Problem: Verbatim copy without images: repeat the records in full.

Supplied records:

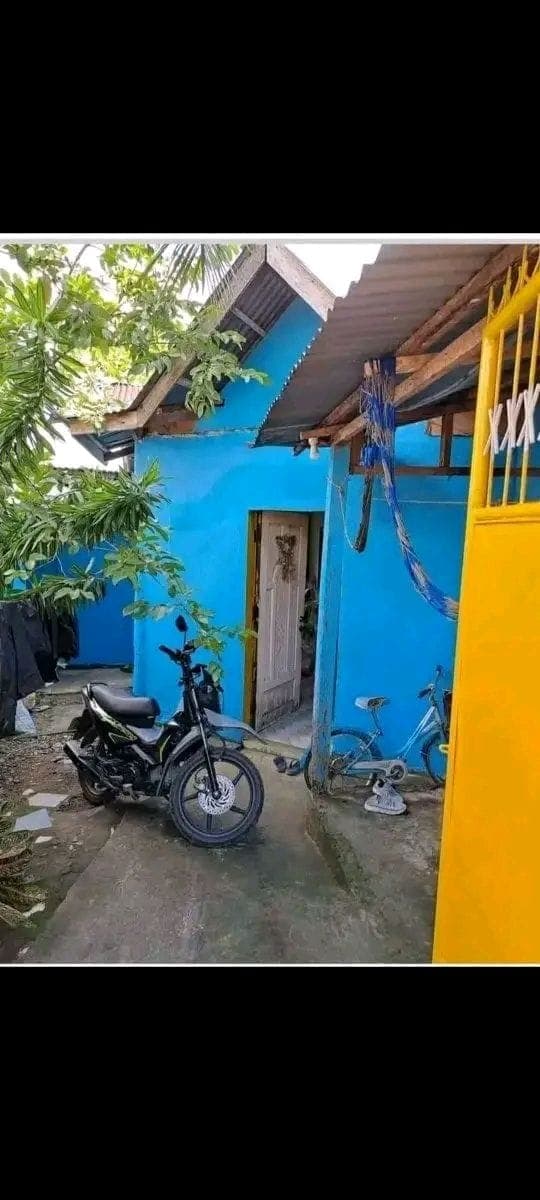 House for rent - photo 11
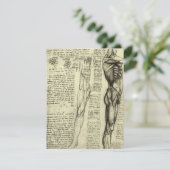 レオナルド・ダ・ヴィンチの人体解剖学　男性の筋肉 (スタンド正面)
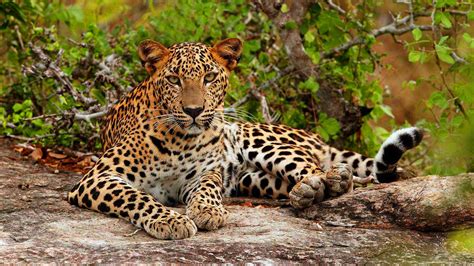 Yala National Park | Natural Creations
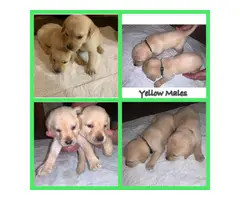 AKC Lab puppies for sale - 2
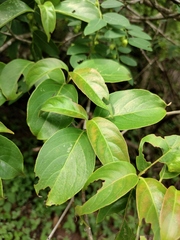 Cornus hongkongensis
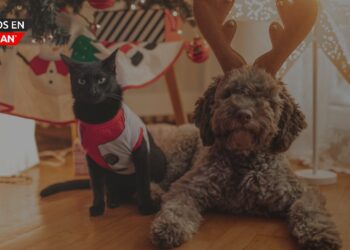 Precaución: Estafas de cachorros aumentan durante las fiestas, advierte la Fiscal General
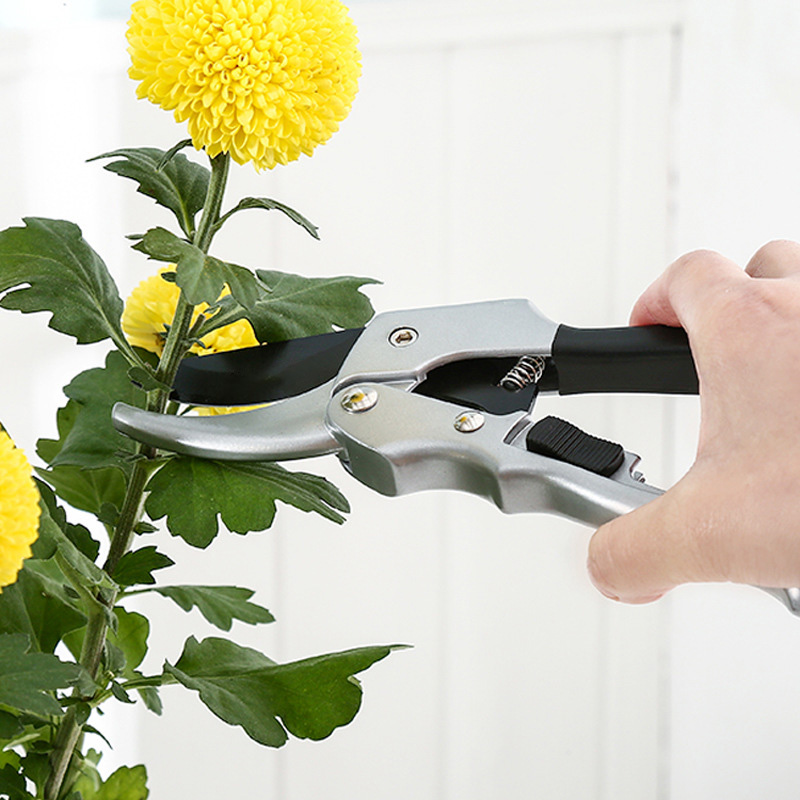 Novo 20cm catraca planta guarn - Gardening Tools For Beginners avaliação e preço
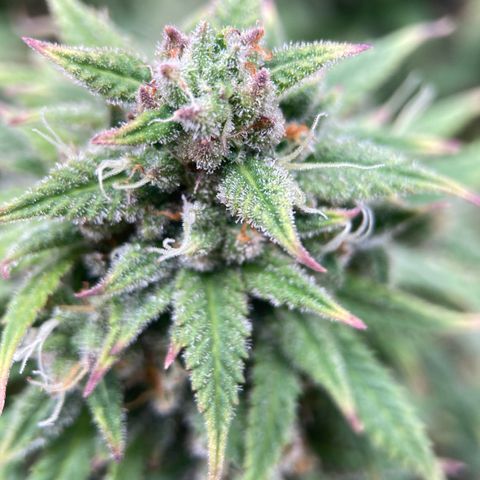Sour Bubbly growlog timeline photo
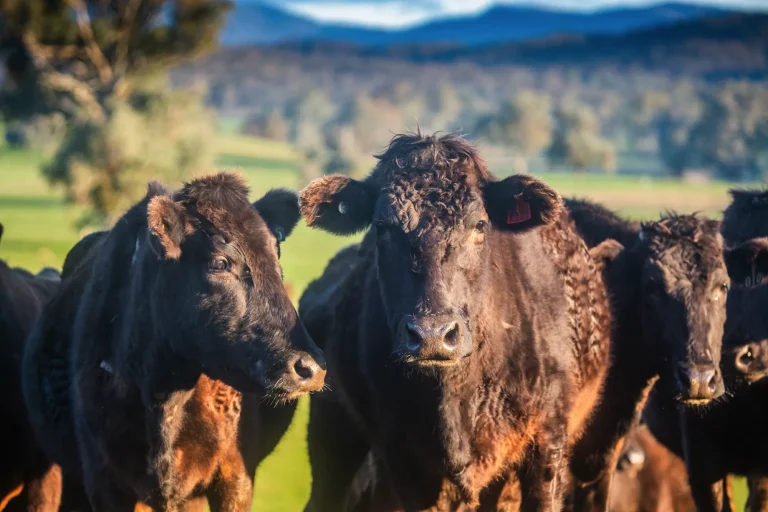 Techniques for Appraising Irrigation-Based Agricultural Assets in Australia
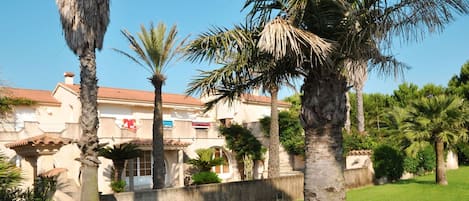 Proprietà, Albero, Palma, Arecales, Costruzione, Casa, Estate, Immobiliare, Casa, Hacienda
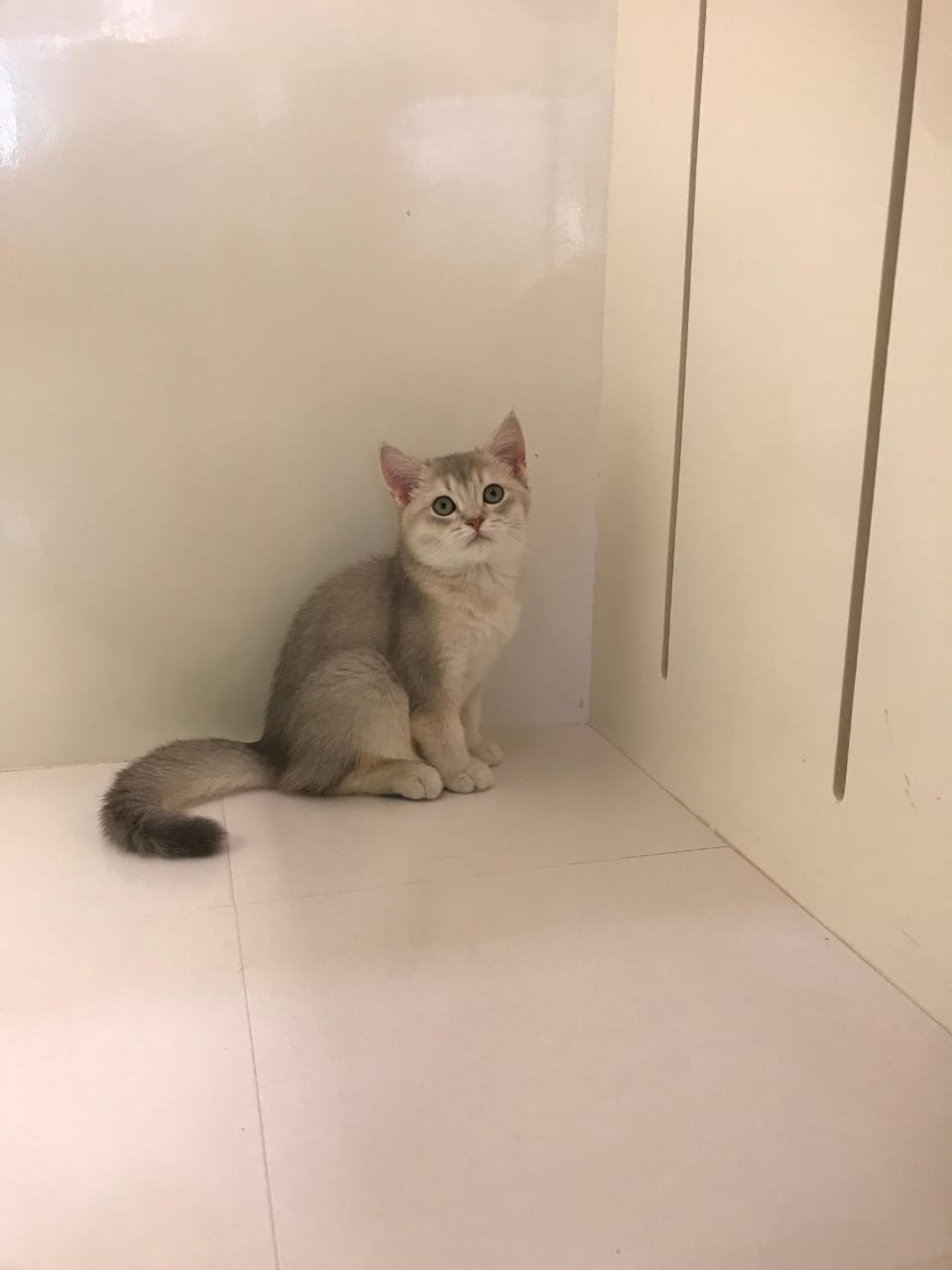 Ny12 Kitten Female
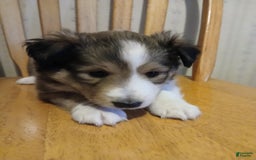 Shetland Sheepdog dogs for sale: Benny - Image 2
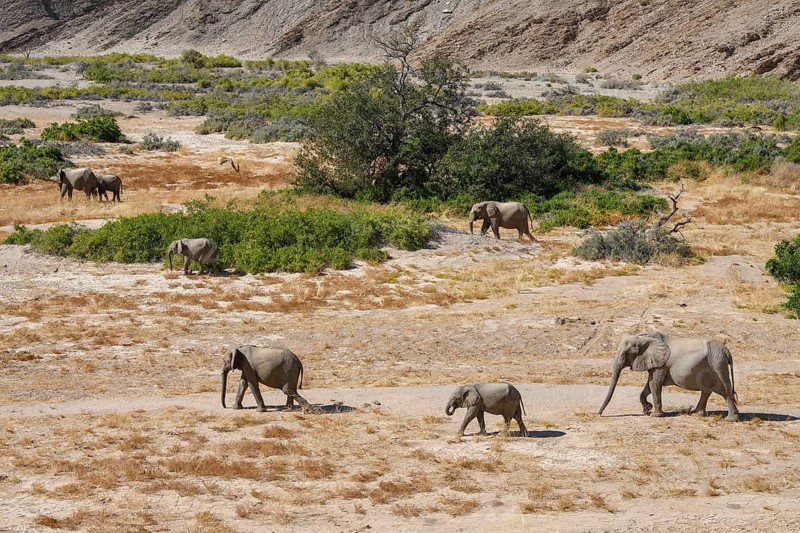 Desert elephants (Loxodonta africana) in the Hoanib dry river, Kaokoveld, Kunene region, Namibia, Africa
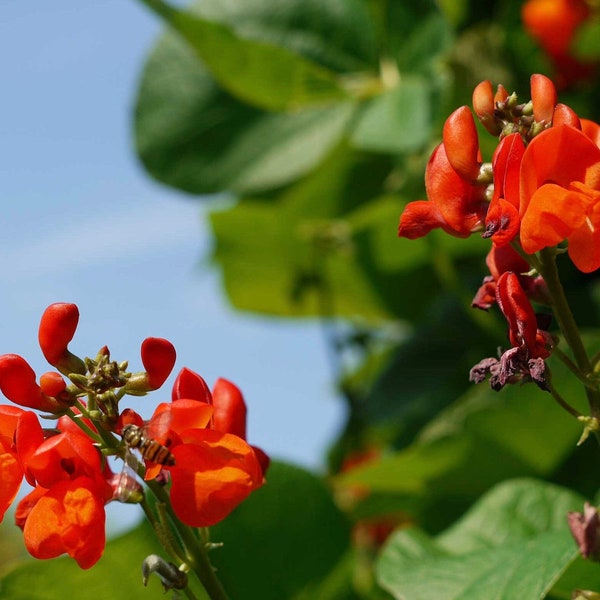 Scarlet Runner Bean 6 Seeds - Phaseolus Coccineus GMO FREE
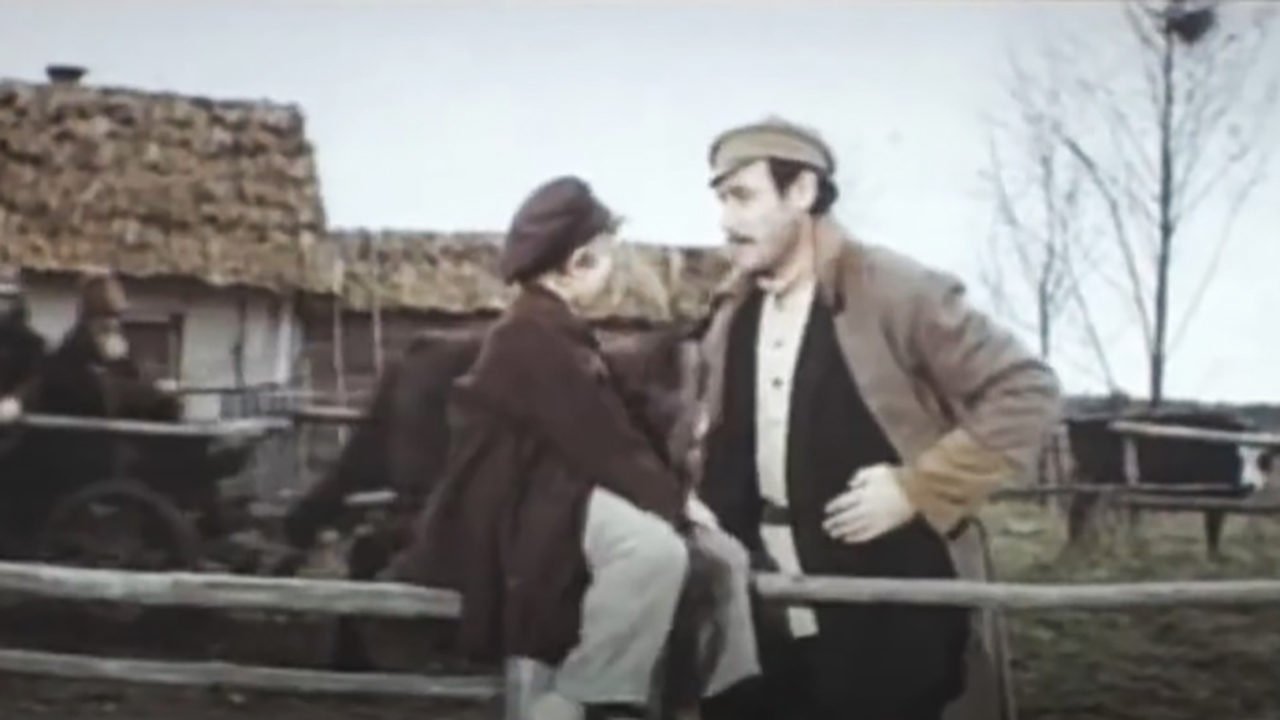 The Geese-Swans Fly Background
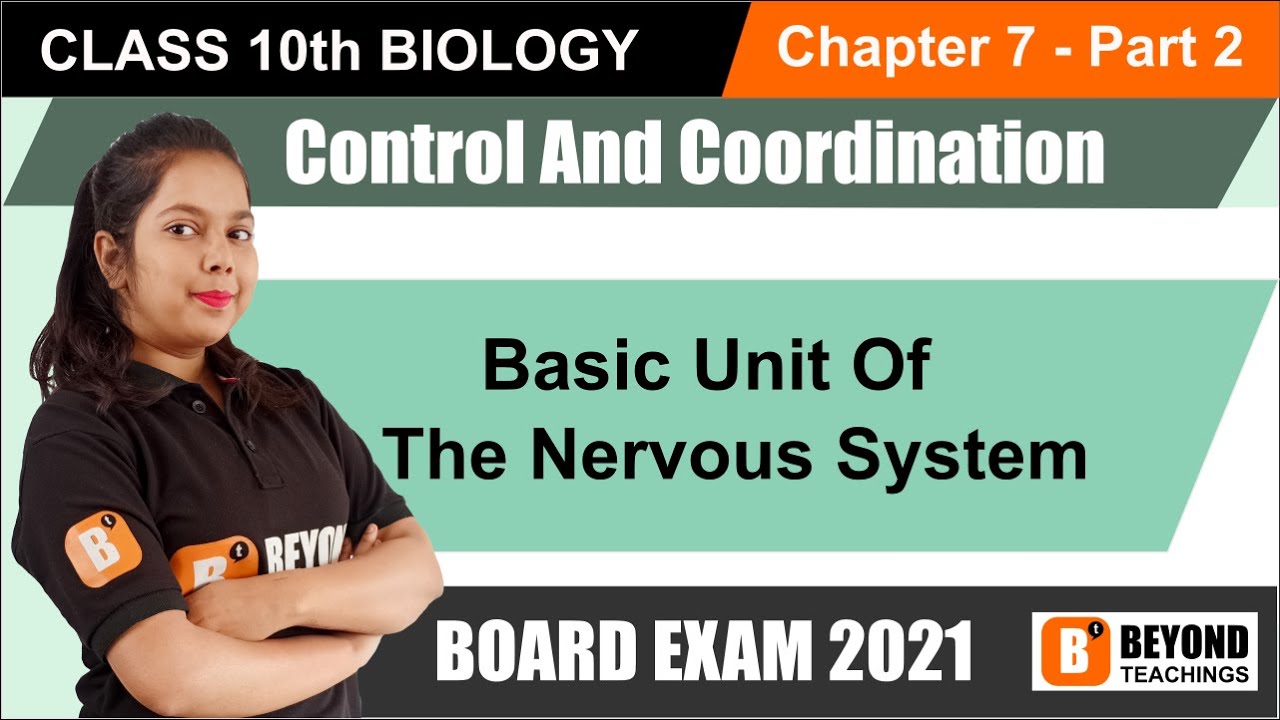 Class 10 Biology - Control And Coordination - Basic Unit Of The Nervous ...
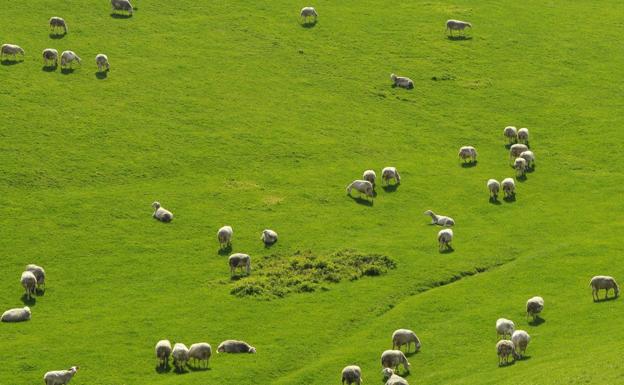La comunidad escolar invita este curso a dar valor a prados y pastizales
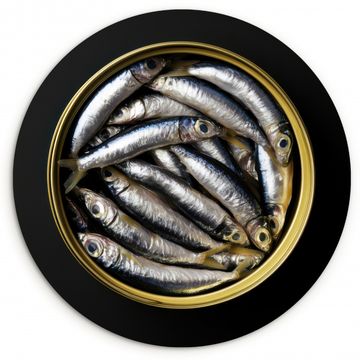 Muurcirkel - Sardines - Vissen - Rond - Zwart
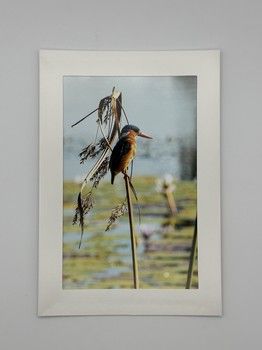 Sophie Bell - Kingfisher Card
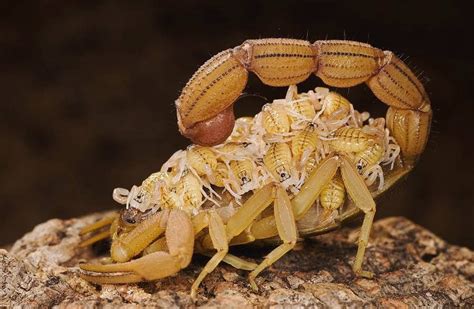 Scorpion Buthidae Mother Carrying Her Young On Her Back Europe Animais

Result of this task:
 House for rent - photo 11
 レオナルド・ダ・ヴィンチの人体解剖学　男性の筋肉 (スタンド正面)
 Yala National Park | Natural Creations
 AKC Lab puppies for sale - 2
 Cornus hongkongensis
 Precaución: Estafas de cachorros aumentan durante las fiestas, advierte la Fiscal General
 Novo 20cm catraca planta guarn - Gardening Tools For Beginners avaliação e preço
Sour Bubbly growlog timeline photo
 Techniques for Appraising Irrigation-Based Agricultural Assets in Australia
 Proprietà, Albero, Palma, Arecales, Costruzione, Casa, Estate, Immobiliare, Casa, Hacienda
 Ny12 Kitten Female
 Shetland Sheepdog dogs for sale: Benny - Image 2
 Desert elephants (Loxodonta africana) in the Hoanib dry river, Kaokoveld, Kunene region, Namibia, Africa
 Scarlet Runner Bean 6 Seeds - Phaseolus Coccineus GMO FREE
 The Geese-Swans Fly Background
 Class 10 Biology - Control And Coordination - Basic Unit Of The Nervous ...
La comunidad escolar invita este curso a dar valor a prados y pastizales
 Muurcirkel - Sardines - Vissen - Rond - Zwart
 Sophie Bell - Kingfisher Card
 Scorpion Buthidae Mother Carrying Her Young On Her Back Europe Animais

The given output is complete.